◆ **Aim of the task**: The result should consist solely of the line containing "Dining Chair Pads" and the lines that follow it below, each reproduced exactly, the last line included.
====== Data provided ======
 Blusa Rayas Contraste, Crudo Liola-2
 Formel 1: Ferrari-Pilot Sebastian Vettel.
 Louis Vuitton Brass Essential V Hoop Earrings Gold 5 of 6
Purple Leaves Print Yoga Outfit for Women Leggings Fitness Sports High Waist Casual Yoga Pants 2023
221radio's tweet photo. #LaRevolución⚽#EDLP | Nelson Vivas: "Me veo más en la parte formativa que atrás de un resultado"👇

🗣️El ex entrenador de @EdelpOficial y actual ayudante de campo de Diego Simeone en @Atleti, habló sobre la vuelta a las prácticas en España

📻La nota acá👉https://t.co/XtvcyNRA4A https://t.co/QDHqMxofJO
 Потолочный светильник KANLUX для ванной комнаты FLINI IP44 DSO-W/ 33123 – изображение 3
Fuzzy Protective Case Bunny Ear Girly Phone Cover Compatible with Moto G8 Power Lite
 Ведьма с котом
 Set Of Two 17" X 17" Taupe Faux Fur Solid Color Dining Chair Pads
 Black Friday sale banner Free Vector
======
◆ **Exercise result**:
 Set Of Two 17" X 17" Taupe Faux Fur Solid Color Dining Chair Pads
 Black Friday sale banner Free Vector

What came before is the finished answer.